**Assigned task**:
Starting at the top of the listing below, copy each line exactly, stopping after the line that contains "加寿屋 - 焼肉ランチ".

**Given information**:
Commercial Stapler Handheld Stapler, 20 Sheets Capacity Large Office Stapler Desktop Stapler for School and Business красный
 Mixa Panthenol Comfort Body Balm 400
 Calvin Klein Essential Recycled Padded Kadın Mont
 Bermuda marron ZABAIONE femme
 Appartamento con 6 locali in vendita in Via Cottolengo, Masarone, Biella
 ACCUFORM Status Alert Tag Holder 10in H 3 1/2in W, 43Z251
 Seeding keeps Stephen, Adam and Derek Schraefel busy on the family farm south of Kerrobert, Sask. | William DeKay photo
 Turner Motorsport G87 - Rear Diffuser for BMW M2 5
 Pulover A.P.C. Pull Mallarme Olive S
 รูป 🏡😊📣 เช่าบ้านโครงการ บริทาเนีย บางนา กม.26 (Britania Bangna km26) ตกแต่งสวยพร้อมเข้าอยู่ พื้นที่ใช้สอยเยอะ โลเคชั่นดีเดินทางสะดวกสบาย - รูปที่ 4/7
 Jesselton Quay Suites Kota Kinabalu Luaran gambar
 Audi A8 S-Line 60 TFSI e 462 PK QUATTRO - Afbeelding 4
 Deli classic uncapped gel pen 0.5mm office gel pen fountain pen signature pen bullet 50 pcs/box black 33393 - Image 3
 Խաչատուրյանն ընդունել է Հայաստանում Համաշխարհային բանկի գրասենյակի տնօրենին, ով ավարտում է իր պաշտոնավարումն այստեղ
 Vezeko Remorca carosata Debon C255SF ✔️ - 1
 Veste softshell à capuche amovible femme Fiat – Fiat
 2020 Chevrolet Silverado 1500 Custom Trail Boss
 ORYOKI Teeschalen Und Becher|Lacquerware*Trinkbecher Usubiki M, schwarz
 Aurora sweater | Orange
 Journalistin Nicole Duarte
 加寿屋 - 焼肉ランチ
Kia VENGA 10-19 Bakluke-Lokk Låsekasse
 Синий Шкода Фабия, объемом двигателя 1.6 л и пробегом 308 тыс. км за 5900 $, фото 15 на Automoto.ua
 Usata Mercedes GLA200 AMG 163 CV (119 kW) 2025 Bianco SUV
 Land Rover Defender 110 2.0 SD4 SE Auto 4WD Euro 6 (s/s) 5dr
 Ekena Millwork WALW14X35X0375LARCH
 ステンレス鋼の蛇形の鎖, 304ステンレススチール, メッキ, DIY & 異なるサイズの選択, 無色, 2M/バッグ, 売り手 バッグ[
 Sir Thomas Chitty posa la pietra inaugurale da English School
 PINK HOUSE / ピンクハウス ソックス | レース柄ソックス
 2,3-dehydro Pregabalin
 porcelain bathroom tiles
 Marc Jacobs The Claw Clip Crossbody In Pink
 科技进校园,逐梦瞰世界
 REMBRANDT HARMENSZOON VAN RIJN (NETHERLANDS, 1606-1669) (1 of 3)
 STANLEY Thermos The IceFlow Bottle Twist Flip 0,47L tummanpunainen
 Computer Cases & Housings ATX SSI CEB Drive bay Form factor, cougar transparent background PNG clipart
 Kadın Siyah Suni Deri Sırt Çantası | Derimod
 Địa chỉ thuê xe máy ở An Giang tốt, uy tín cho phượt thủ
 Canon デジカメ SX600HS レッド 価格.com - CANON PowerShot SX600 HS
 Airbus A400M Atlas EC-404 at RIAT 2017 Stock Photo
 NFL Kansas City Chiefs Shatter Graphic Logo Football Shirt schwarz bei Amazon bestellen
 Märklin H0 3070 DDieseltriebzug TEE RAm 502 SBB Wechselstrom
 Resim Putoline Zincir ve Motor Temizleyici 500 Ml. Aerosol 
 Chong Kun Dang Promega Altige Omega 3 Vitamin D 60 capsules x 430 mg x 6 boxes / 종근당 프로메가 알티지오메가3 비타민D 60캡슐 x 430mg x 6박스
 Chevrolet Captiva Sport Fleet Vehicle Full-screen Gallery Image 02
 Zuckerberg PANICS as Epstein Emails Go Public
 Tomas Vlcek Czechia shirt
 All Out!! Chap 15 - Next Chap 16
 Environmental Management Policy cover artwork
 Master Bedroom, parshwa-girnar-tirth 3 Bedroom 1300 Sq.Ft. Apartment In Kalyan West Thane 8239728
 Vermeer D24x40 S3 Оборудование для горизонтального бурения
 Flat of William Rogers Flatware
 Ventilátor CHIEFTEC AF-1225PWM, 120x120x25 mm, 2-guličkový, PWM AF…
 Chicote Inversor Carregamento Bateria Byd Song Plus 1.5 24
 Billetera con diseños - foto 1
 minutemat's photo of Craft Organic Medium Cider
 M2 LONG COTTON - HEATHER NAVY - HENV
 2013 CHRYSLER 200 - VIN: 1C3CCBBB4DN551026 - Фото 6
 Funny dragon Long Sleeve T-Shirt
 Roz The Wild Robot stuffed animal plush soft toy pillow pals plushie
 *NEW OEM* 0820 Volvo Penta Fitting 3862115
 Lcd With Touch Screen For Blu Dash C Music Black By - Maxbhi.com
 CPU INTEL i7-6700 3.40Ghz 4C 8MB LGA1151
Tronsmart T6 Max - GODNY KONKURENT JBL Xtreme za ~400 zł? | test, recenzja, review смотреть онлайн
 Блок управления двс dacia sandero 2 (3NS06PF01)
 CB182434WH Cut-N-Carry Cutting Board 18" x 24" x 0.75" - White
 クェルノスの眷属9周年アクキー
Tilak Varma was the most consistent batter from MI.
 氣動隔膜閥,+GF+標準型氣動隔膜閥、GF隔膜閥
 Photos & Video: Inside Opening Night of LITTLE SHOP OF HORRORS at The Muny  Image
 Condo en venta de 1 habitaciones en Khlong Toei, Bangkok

**Solution to this problem**:
Commercial Stapler Handheld Stapler, 20 Sheets Capacity Large Office Stapler Desktop Stapler for School and Business красный
 Mixa Panthenol Comfort Body Balm 400
 Calvin Klein Essential Recycled Padded Kadın Mont
 Bermuda marron ZABAIONE femme
 Appartamento con 6 locali in vendita in Via Cottolengo, Masarone, Biella
 ACCUFORM Status Alert Tag Holder 10in H 3 1/2in W, 43Z251
 Seeding keeps Stephen, Adam and Derek Schraefel busy on the family farm south of Kerrobert, Sask. | William DeKay photo
 Turner Motorsport G87 - Rear Diffuser for BMW M2 5
 Pulover A.P.C. Pull Mallarme Olive S
 รูป 🏡😊📣 เช่าบ้านโครงการ บริทาเนีย บางนา กม.26 (Britania Bangna km26) ตกแต่งสวยพร้อมเข้าอยู่ พื้นที่ใช้สอยเยอะ โลเคชั่นดีเดินทางสะดวกสบาย - รูปที่ 4/7
 Jesselton Quay Suites Kota Kinabalu Luaran gambar
 Audi A8 S-Line 60 TFSI e 462 PK QUATTRO - Afbeelding 4
 Deli classic uncapped gel pen 0.5mm office gel pen fountain pen signature pen bullet 50 pcs/box black 33393 - Image 3
 Խաչատուրյանն ընդունել է Հայաստանում Համաշխարհային բանկի գրասենյակի տնօրենին, ով ավարտում է իր պաշտոնավարումն այստեղ
 Vezeko Remorca carosata Debon C255SF ✔️ - 1
 Veste softshell à capuche amovible femme Fiat – Fiat
 2020 Chevrolet Silverado 1500 Custom Trail Boss
 ORYOKI Teeschalen Und Becher|Lacquerware*Trinkbecher Usubiki M, schwarz
 Aurora sweater | Orange
 Journalistin Nicole Duarte
 加寿屋 - 焼肉ランチ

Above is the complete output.